While I love traveling, particularly internationally, having two kids under the age of four dictates that I either fly solo (as with my 77-hour trip to Singapore) or with my wife, while grandma takes the kids.
Etihad Airways, the flag carrier of the United Arab Emirates, currently serves four destinations in the U.S. and Canada as part of their worldwide network. As a fast-growing airline, Etihad is looking to differentiate themselves in the competitive overseas market.
While most long-haul carriers offer bassinets or other physical accommodations for small children, and some offer kiddy amenity kits (like Ethiopian), Etihad’s program goes way beyond that.
The new Flying Nanny program from Etihad is an industry first. Nearly 300 flight crew (soon on the way to 500) have been certified in the program, trained in conjunction with their early childhood partner, Norland College. As part of the training, crews concentrate on “child psychology and sociology,” looking at developmental stages for kids. In a way, it sounds sort of like “Temper Tantrums 101” to me, but I know there is a science to it.
These specially-trained cabin crew members represent just under twenty percent of Etihad’s total, but they plan to offer the service on board all long-haul flights. These crew are well-prepared to engage and entertain flying children. Among the tricks in their toolkit, the Flying Nanny will interact with kids using arts and crafts projects, magic kits, quizzes, and games.
They’ll also offer special assistance, like serving meals and snacks on demand for fussy children. It’s important to note, however, that the program is not a babysitting service. Think of it more like an extra pair of hands that might allow you as a parent to eat your meal or nod off for a few minutes, but don’t expect diaper changes to be part of the offering.
All kidding aside, flying with kids is tough work on parents. For the younger kids (my daughter is still under 2), they just don’t understand what it means to be on a 14-hour flight.
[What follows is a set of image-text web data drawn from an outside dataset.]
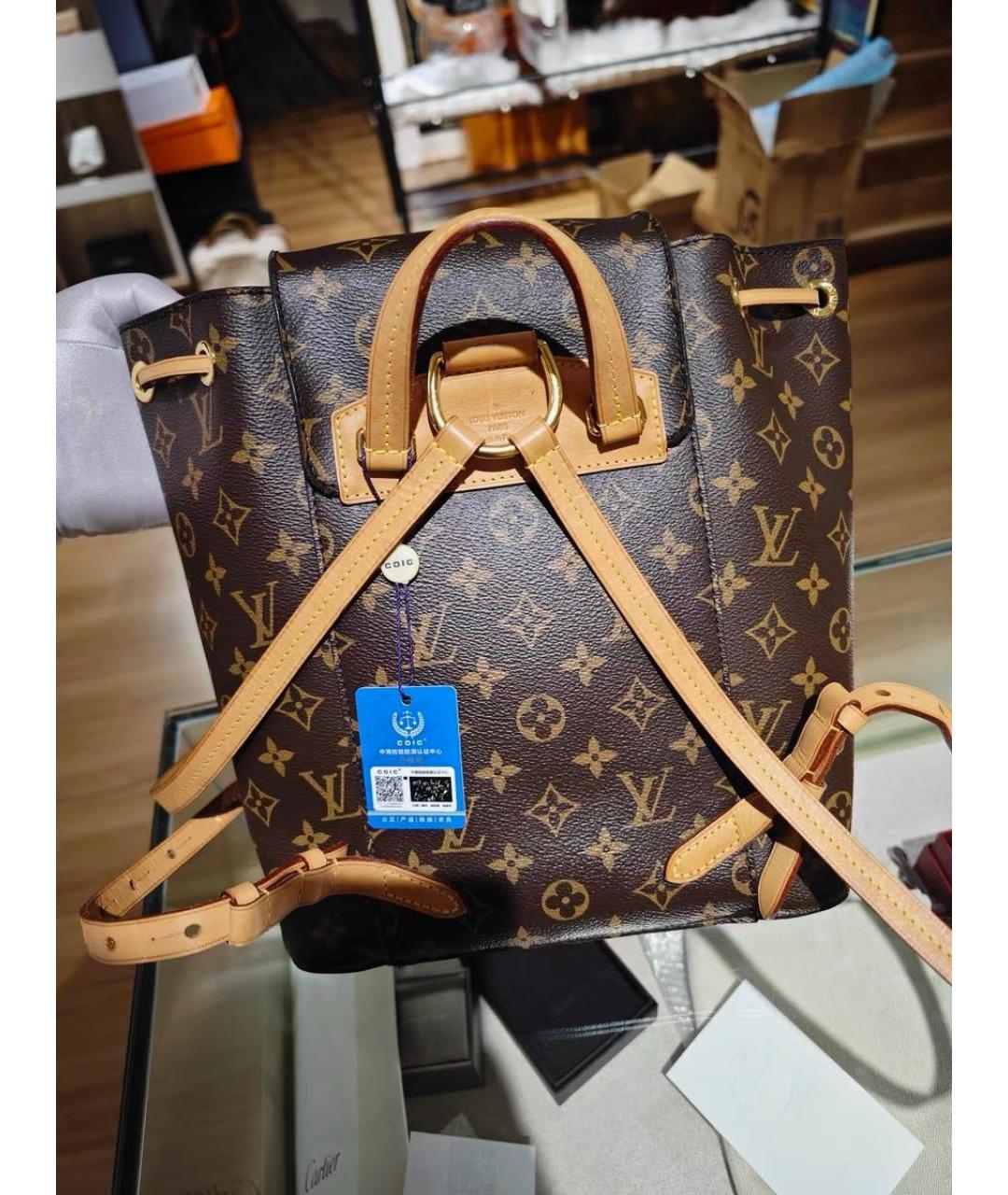 LOUIS VUITTON Коричневый рюкзак, фото 3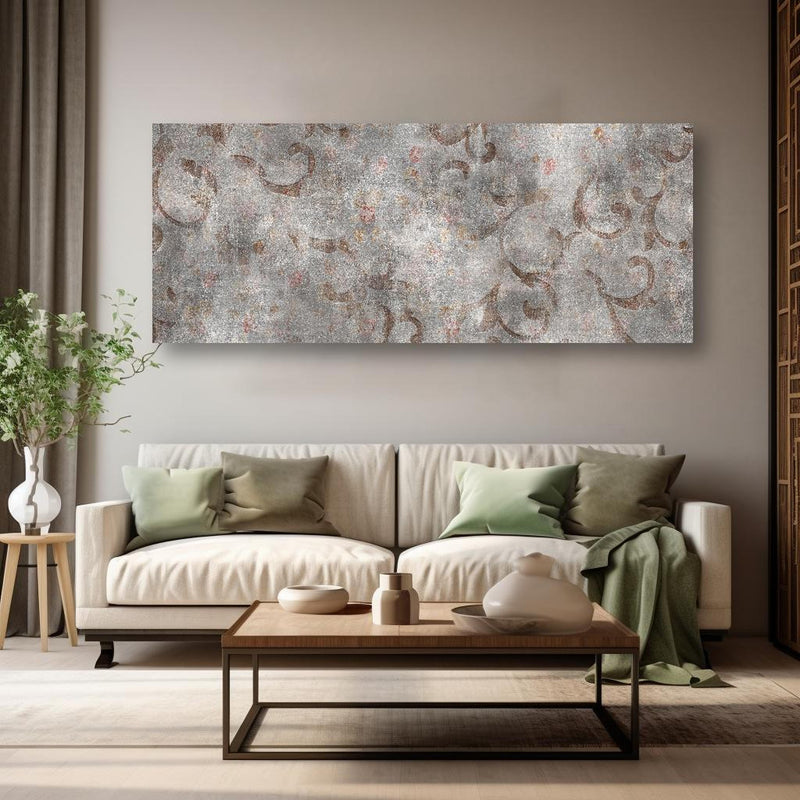Wandbild - Braunes Blätter Muster auf gräulichem Zement in kreativ eingerichtetem Zimmer mit moderner Vase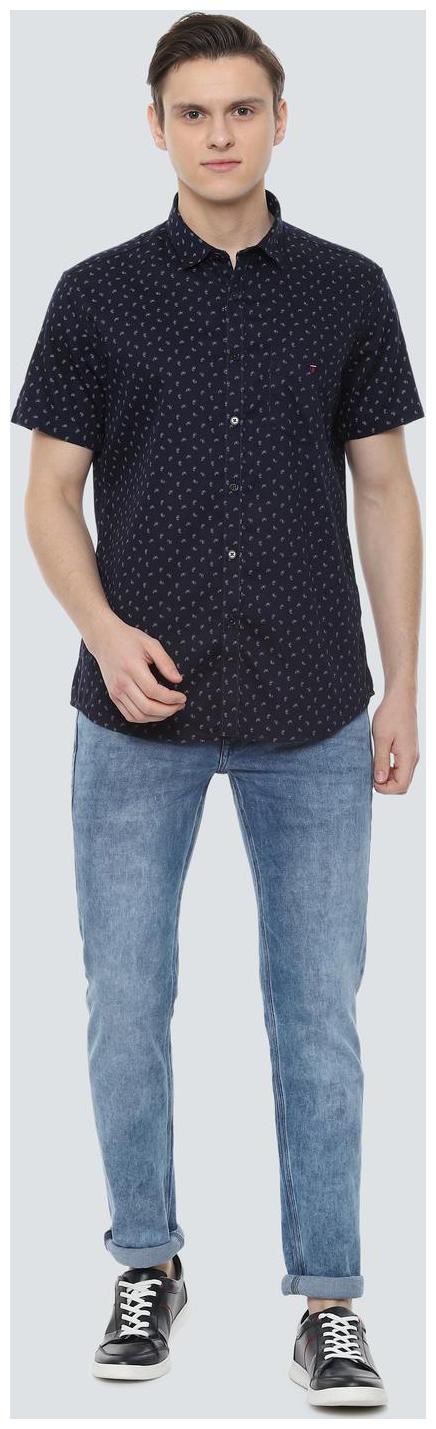

Louis Philippe Men Blue Printed Slim Fit Casual Shirt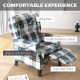 Wingback Reclining Chair Push Back Recliner Armchair for Living Room Bedroom with Footrest Armrests Wood Legs Blue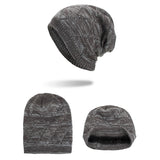 Winter,Diamond,Plaid,Velvet,Earmuffs,Knitted,Sweater,Slouch,Beanie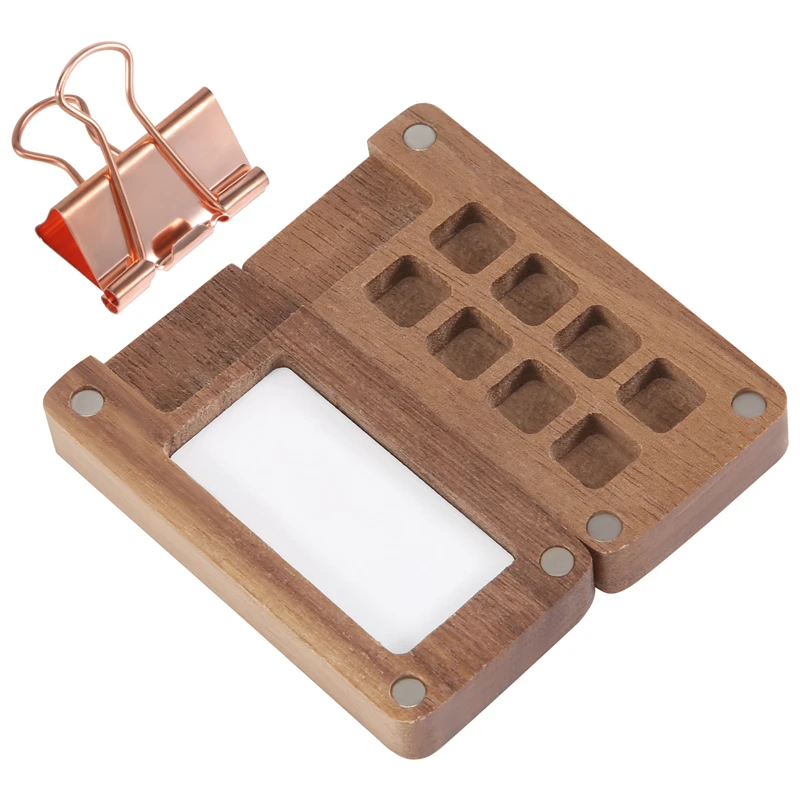 8 Grid Portable Sketchbook Palette, Wooden Colour Palette Box, With A Clip (Without Paint)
It’s a little better with my 3 1/2-year old because he understands the concept, but he is still trapped in an aluminum tube (well, except in a 787 Dreamliner).
The fact that Eithad is proactively offering a helping hand will go a long way. As Aubrey Tiedt, Etihad Airways’ Vice President Guest Services says, “Flying with a young family can be a daunting task, even for the most experienced travelers, and the Flying Nanny role demonstrates our understanding of our guests’ needs and our commitment to making the journey as relaxing and comfortable as possible.”